## Requirement
Out of the data below, copy every line with the string "modern".

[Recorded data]
—————
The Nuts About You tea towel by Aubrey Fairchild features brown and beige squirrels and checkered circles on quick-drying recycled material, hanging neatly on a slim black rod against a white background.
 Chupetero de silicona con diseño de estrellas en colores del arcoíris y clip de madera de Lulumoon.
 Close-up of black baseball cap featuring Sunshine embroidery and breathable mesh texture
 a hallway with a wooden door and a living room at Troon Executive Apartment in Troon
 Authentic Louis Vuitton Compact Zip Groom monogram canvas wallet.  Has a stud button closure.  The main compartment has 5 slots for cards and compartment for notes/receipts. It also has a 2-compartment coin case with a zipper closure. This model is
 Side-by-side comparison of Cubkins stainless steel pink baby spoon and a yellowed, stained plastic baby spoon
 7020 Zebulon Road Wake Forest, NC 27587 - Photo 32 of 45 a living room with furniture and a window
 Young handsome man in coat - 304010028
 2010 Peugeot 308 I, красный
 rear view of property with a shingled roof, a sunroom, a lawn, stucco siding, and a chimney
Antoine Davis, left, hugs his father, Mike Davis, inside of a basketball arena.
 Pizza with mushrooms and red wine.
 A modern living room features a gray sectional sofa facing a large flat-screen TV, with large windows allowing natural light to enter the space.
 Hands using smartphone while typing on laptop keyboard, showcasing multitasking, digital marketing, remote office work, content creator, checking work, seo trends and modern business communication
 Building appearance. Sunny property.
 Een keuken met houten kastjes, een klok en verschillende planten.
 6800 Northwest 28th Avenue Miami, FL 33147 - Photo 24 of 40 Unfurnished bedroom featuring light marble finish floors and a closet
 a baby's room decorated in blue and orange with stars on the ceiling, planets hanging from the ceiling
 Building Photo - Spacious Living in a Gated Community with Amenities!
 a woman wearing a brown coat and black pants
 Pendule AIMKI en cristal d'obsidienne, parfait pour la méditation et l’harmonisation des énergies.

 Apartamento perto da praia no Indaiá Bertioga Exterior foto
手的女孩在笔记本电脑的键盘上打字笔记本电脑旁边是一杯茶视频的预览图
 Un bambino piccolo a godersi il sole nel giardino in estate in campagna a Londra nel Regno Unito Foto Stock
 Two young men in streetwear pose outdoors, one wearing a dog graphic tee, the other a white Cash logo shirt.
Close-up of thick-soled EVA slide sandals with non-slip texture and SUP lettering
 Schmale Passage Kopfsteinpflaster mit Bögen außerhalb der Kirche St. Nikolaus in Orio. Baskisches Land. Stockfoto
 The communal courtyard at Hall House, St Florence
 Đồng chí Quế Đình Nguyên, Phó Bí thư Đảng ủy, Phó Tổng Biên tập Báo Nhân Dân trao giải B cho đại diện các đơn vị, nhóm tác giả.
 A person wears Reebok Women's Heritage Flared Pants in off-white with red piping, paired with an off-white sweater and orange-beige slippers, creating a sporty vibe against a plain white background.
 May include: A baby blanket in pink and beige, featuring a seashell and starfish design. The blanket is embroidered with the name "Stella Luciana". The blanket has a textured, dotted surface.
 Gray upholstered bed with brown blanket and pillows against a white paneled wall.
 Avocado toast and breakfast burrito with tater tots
—————
## Response for this exercise
 A modern living room features a gray sectional sofa facing a large flat-screen TV, with large windows allowing natural light to enter the space.
 Hands using smartphone while typing on laptop keyboard, showcasing multitasking, digital marketing, remote office work, content creator, checking work, seo trends and modern business communication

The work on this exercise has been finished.